I have at least fifty blog posts sitting in “drafts”
What to post and why and how is a daily question
Sometimes it is answered simply
A piece of poetry flows out onto the keyboard easily and nicely and I hit post because it just says it all so concisely.
Then there are the other days when I sit and ponder and stare at the wall and come up with another draft post
I may have too many thoughts
Or not enough
I may write 5000 words
Then hit save
Nope not quite right, so I just leave it in drafts
And then write another 2000 get hammered out on a different topic or the same one but from another angle
Still not right
Sometimes I give up and wander off
Nothing much to show after all.
Because the thing is with draft posts – they most often don’t make it out there into the big wide world
Sometimes it is because we haven’t quite got to the way of conveying exactly what it is we are trying to communicate
Sometimes we change our mind
So they (the drafts) loll about sulking
Reminding us of what we thought when we thought we were thinking about something very seriously
Or of some great import
Yet it smacked just a little
of something else
or rather lacked
Most of my draft posts remain draft posts because they are just not quite right
Sometimes I can’t put my finger on why I don’t continue on with a piece but I have now
They lacked – even if in a small way – a line – something conveyed…
They lacked complete authenticity.
I never post anything which I don’t authentically feel or believe.
But beliefs and thoughts change.
Today I was nashing my teeth and torn.
This is the blog post which I needed to have to move on – it is just for me so you can leave now if it is all becoming a bit
Or not – whatever you want to do
I wanted to bring the blog up to date on the fact that I have chosen to let a bit more meat into my diet and why. I know, I know – why is this important in a world that is falling apart, why is what somebody eats important? Well of course it isn’t – not to the wider world but to this blog it is.
Because to continue on with anyone (if anyone actually cares:) labouring under the notion that I never eat meat when in fact I do now seemed wrong.
Less than authentic.
The thing is – I have no idea who this human being is that decided that they needed to inform everyone of anything to do with my diet at all.
Unfortunately it appears she is me
Or rather was
Then I realised I didn’t have to explain – much of what I would have tried to explain already existed in my Tripping over Animals post. I just hadn’t taken that authentic mental and heartful shift into my everyday diet yet.
I have now.
Yet authenticity should need no explanation.
People change – they’re supposed to.
The only people that don’t change are the ones who lack the self awareness to do so – nobody is born perfect
Or rather everyone is
We just spend the rest of our lives trying to get back to that place after life, other people, education and in the end ourselves – lead us to layer up in inauthentic stripes of paint. Most of it entirely unintentional.

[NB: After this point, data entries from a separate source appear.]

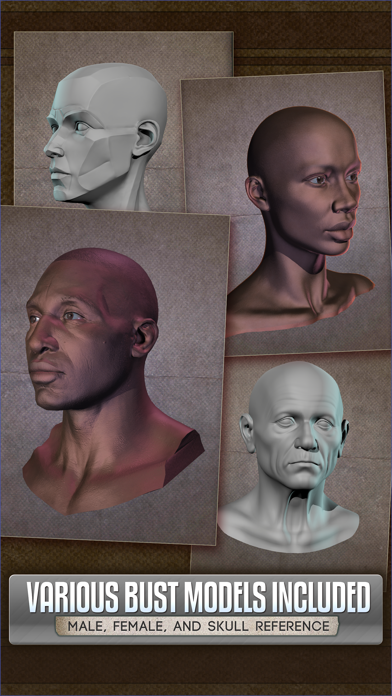 Handy Art Reference Tool app screenshot 2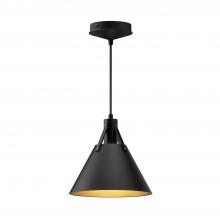 ALORA  PD584510MB - Archer 10-in Matte Black 1 Light Pendant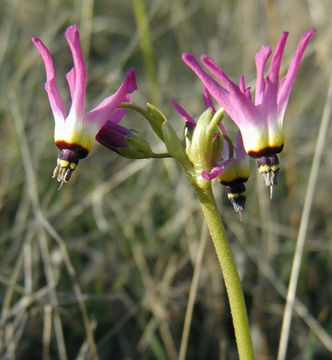 Image of <i>Primula clevelandii</i> var. <i>patula</i>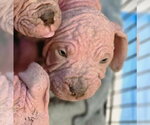 Small #6 Mutt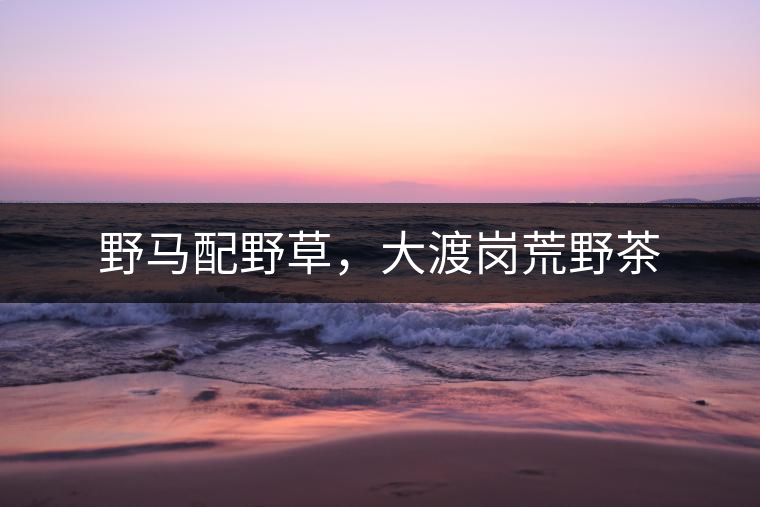野馬配野草，大渡崗荒野茶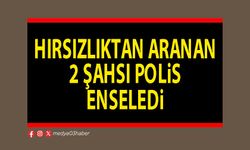 Hırsızlıktan aranan 2 şahsı polis enseledi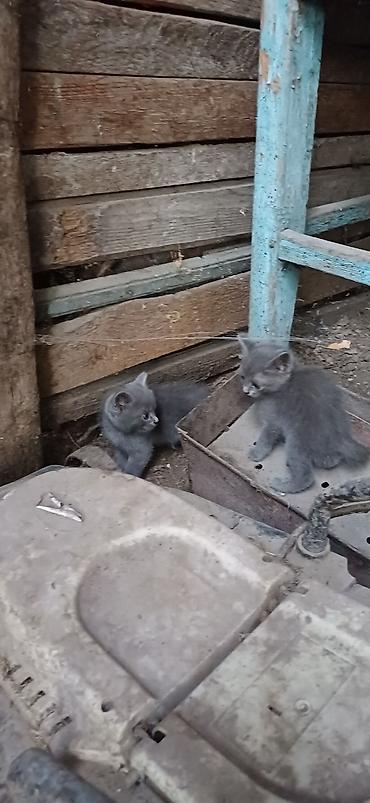 Мышыктар: Отдам котёнка в добрые руки. Есть 4 котёнка. 2 кота и 2 кошки.Окрас — 2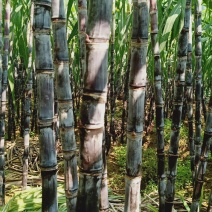 黑皮甘蔗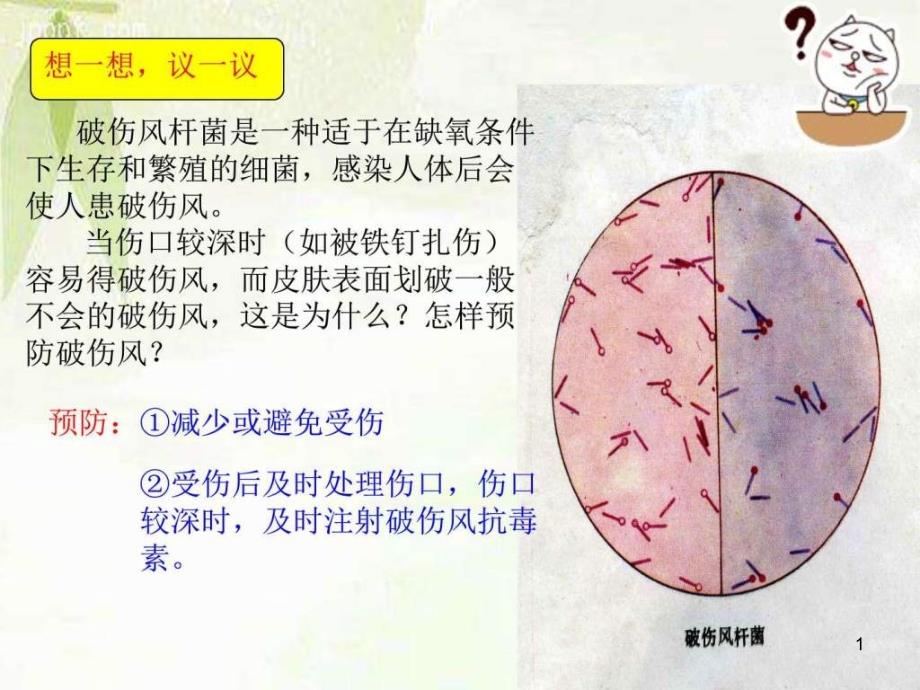 人教版八年级生物上册第四章第二节细菌语文初中教育教育专区课件_第1页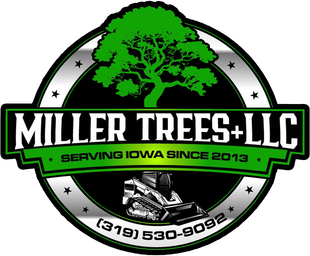 Logo for Miller Trees LLC, featuring a green tree, machinery, and phone number.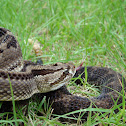 Guatemalan Rattle Snake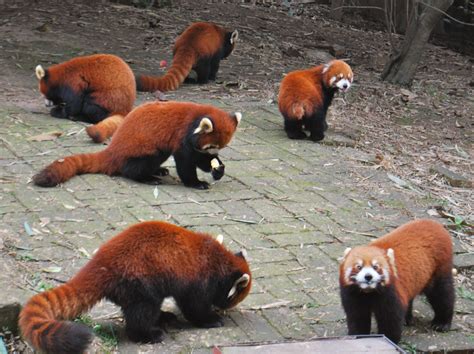 Chengdu Research Base Of Giant Panda Breeding Chengdu China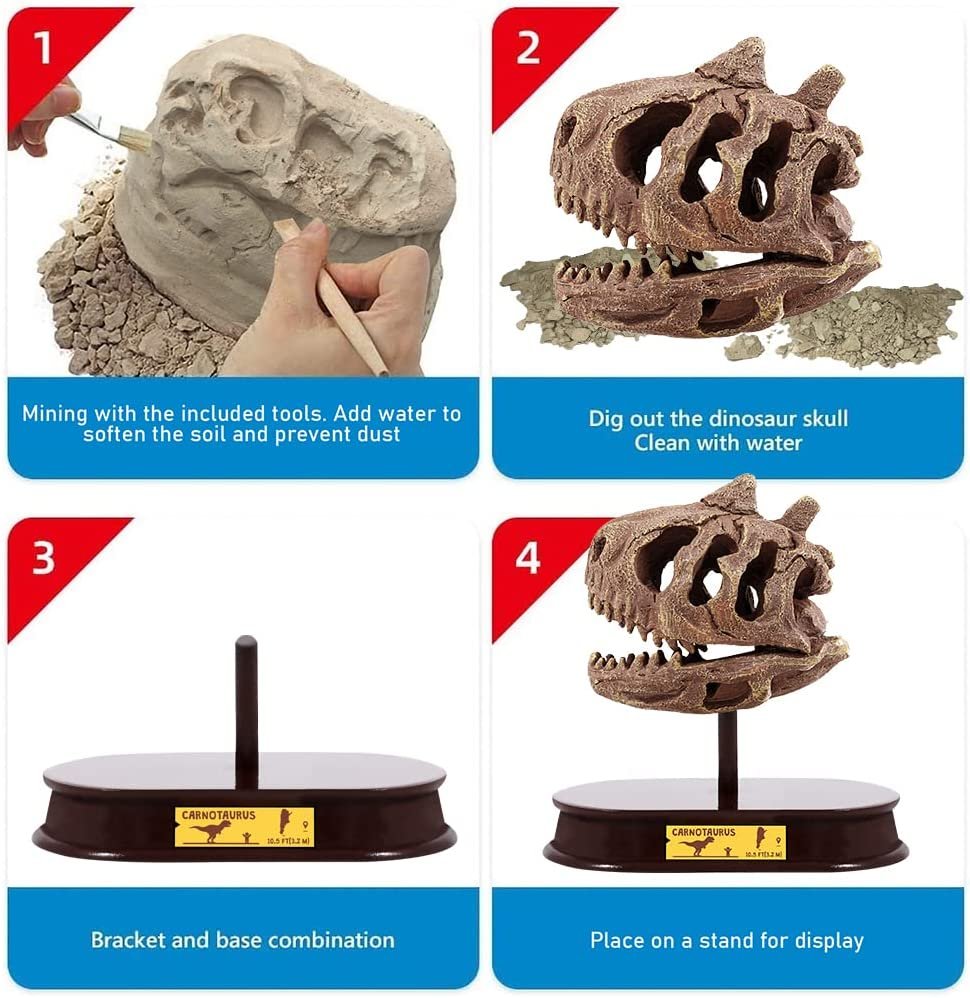 Dinosaur Excavation Kit for Kids, with Fossil Digging Tools and Stand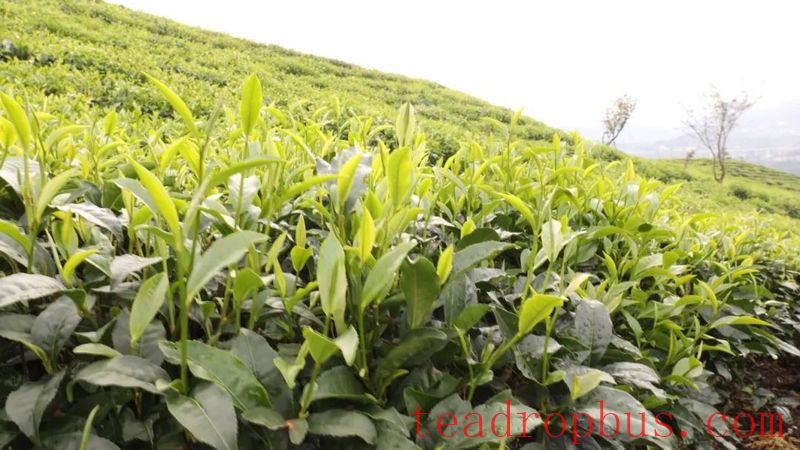 Pu'an: Summer Tea Harvest and Processing in Full Swing, Green Industry Booming with 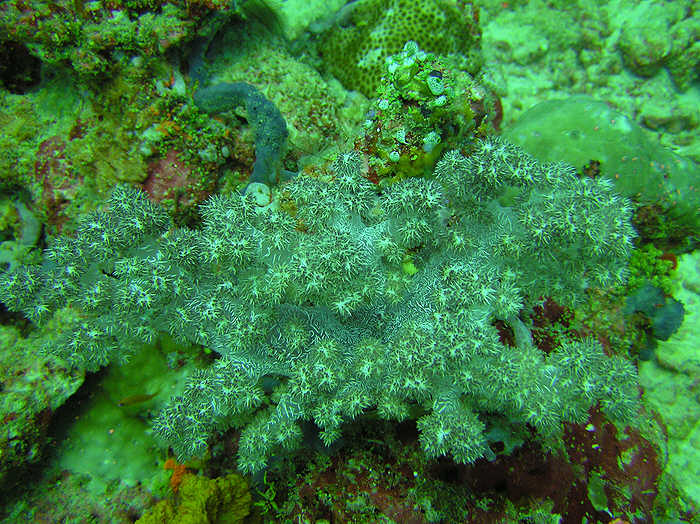Pretty spiky soft coral, Dendronephthya sp.  (103k)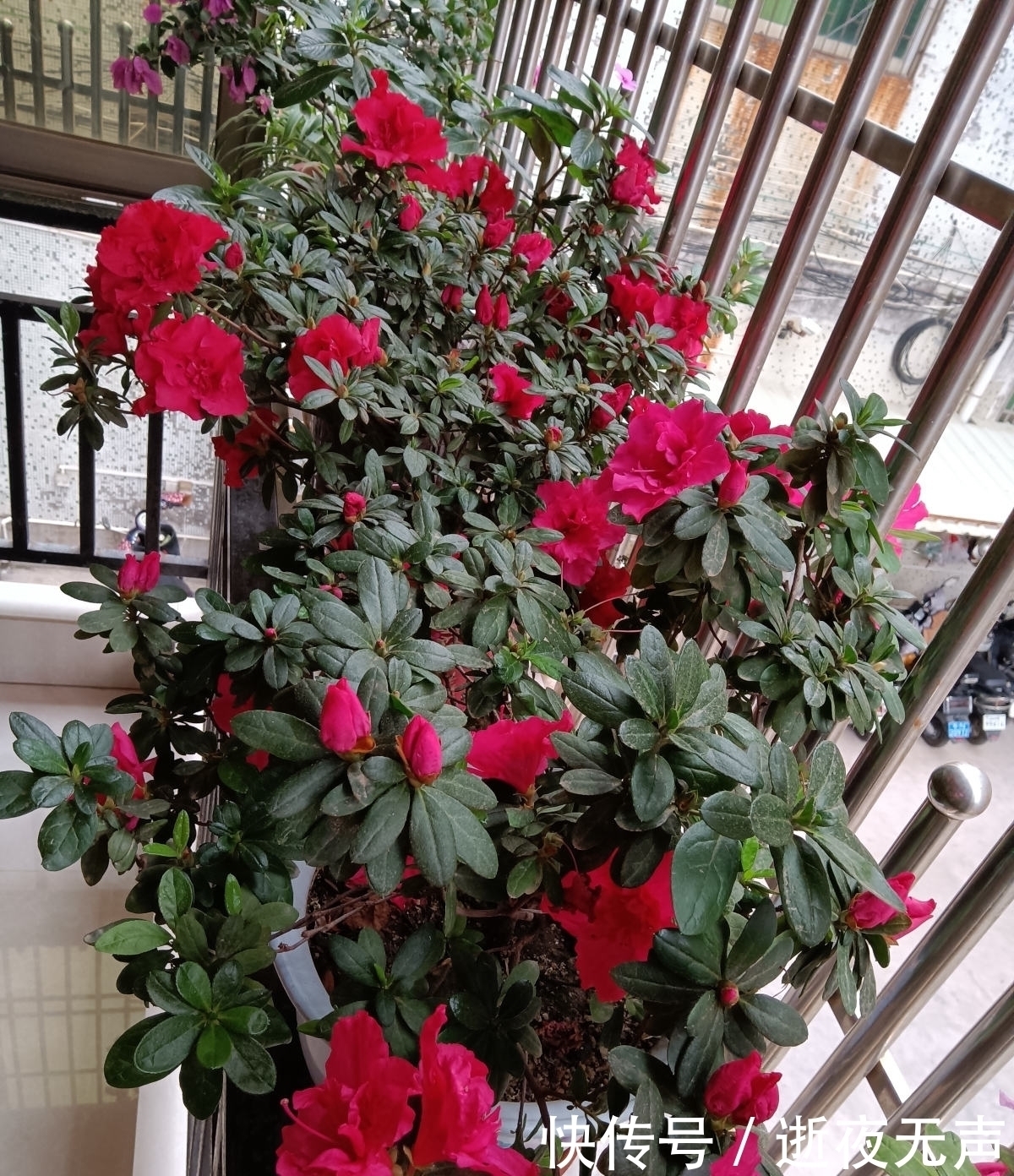 植物|倒春寒来袭，养花5件事不能做，不然花熬不过去全死了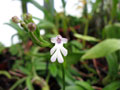 Cynorkis fastigiata
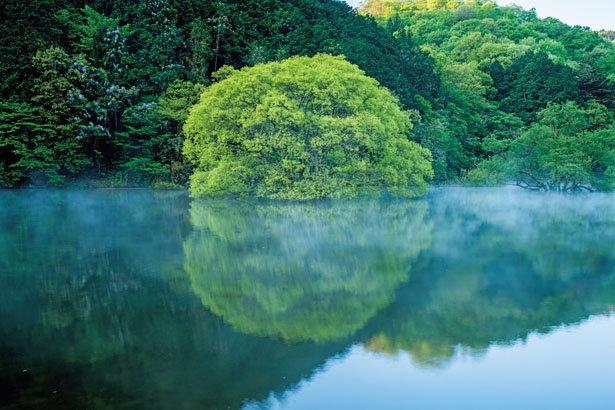 湖の水が木の下まで満ち、無風時には湖面に風景がキレイに映り込む/室生湖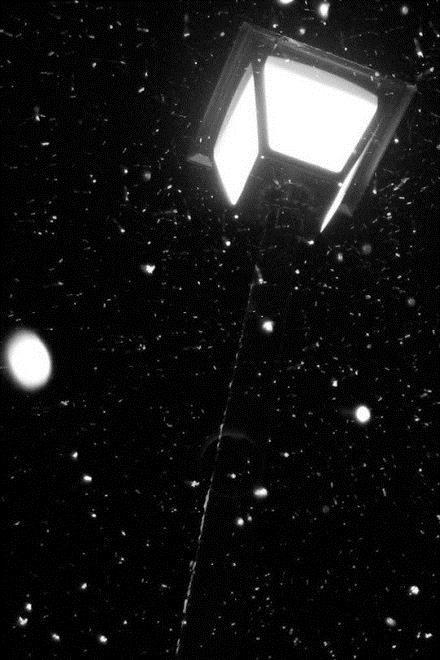 同甘共苦你不陪荣华富贵你不配,同甘共苦你不陪东山再起你不配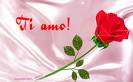 offerte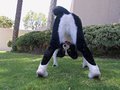 Border Collie showing off his back side.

I had much of my layering stripped off in the course of one days motorbike travel the other day.
I learnt a great deal and continued to do so over the next week or so.
Still am – always will because what is life but a series of lessons.
I’ve changed and in amongst that change is the fact that I eat a little more meat – not much, just enough to be in line with my new ethos that the new black is not Vegan – it is authenticity.
Because at it’s heart that is what authenticity is:
It is flexible
It is mercurial
It is personal
It’s only true reference points are change and adaptability
This desire to label ourselves, to provide some sort of point around which the world can pin us is something delivered to us by the educational system who were so bent on grading and marking and examining and labelling
It is dogma and not a healthy reality.
A healthy reality is to be comfortable with change and adapting to it – that is the only reality which has allowed humans to evolve from being at the mercy of the ecological system to dominating it.
I wish we could take time backwards and live as non harming human beings on this planet – as part of the food chain that did not decimate it – however that time is long gone – we are now living in a dangerously unbalanced world and the only way to restore balance is to become balance
And to seek it internally
The way to do that is to enter into an ever more discerning circle of discovering and embracing our own authenticity.
And now we are up to date.
Oh and I also drink wine now and then and have given up giving it up as well because – as part of a balanced lifestyle it is a nice thing to have around. So that is an update to the Whining about Wine post and
Thanks for putting up with the blog I needed to have 🙂
The header pic? The photo is one I took years ago, I found it the other day languishing among thousands of others on my hard drive, over processed of course because I was into that back then. Yet the mood of the photo remains the same.
They look happy and authentic – just enjoying the sunshine and playing – so it fits this post.